Soit, chaque téléphone possède en dur des clefs, soit ces clefs sont obligatoirement sur le serveur Nov’It, voire les deux. Dans le premier cas, la négociation des clefs passe par l’utilisation d’une clef privée spécifique à chaque utilisateur. Seul Nov’It peut installer ces clefs (lors de l’installation de UhuruMobile sur chaque téléphone) et elles ne peuvent pas être changées.  Malheureusement, aucune ROM n’est disponible sur le site de Nov’It pour faire des vérifications…
Il est impossible de lever le doute sur ces interrogations légitimes. Rien ne permet de garantir que Nov’IT ne conserve pas les clefs créées et mises au départ par cette société ou qu’elles ne sont pas stockées sur leur serveur. Une assurance aurait été que l’utilisateur puisse changer à tout moment ses paramètres secrets, s’ils existent sur le téléphone, ou que le protocole permette une réelle négociation des clefs et la communication point-à-point, ce qui n’est pas le cas puisque passant par le serveur Nov’IT.
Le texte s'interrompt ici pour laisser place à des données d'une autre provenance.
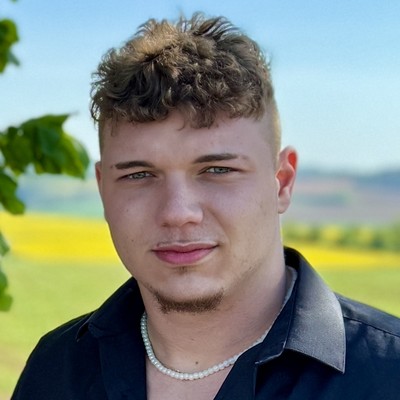 Lukáš, zakladatel Veltrixu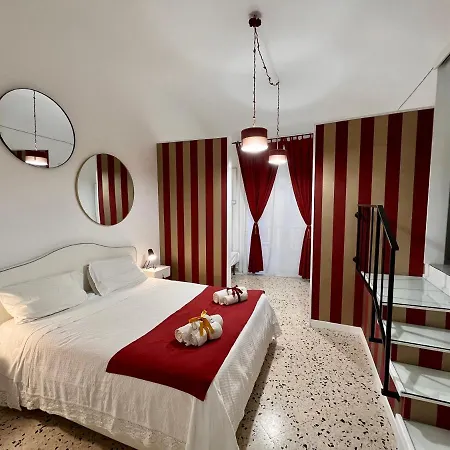 Palazzo Delle Logge Nocleg ze śniadaniem 4*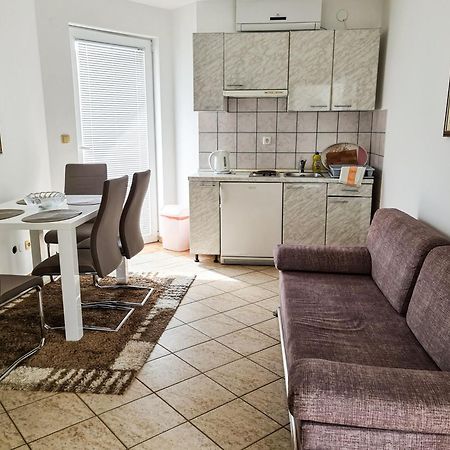 Apartments Benkovic Baska  Ngoại thất bức ảnh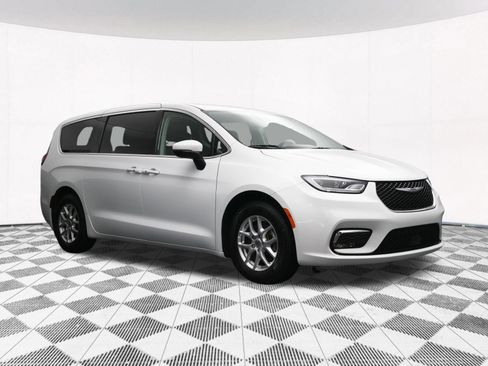Used 2023 Chrysler Pacifica Touring-L FWD image 45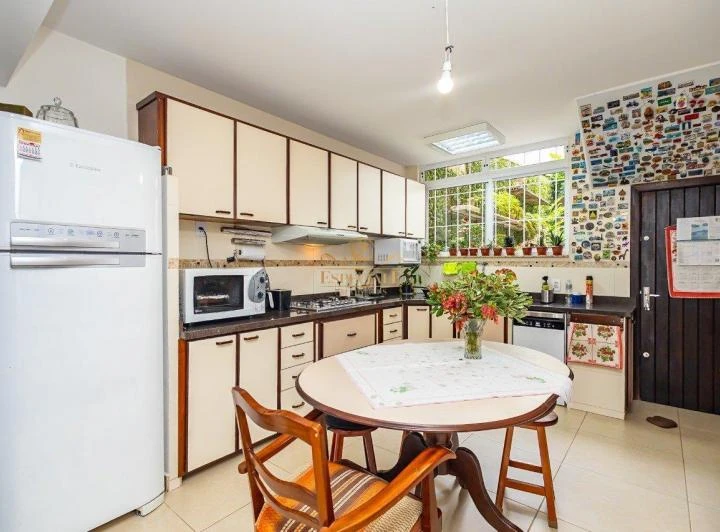 Unfurnished house with 8 bedrooms and a closed gas kitchen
SecuriteOff a tenté de contacter Monsieur Filiol, concepteur du projet DAVFI, pour avoir des explications. Il n’a pas souhaité nous répondre. Il a juste tenu à rappeler que la version Android a été livrée en octobre 2013 sans les applications OpenVpn et VoIP chiffrée. L’industrialisation de DAVFI Androïd (qui inclut l’ajout des fonctionnalités de VPN, VoIP chiffrée…) a été réalisée par Nov’IT. Les récentes déclarations de Monsieur Notin plusieurs fois dans la presse semblent confirmer les propos de Monsieur Filiol.

Monsieur Notin n’est pas « directeur chez Stamus Networks ». C’est exact. Il est conseillé en stratégie.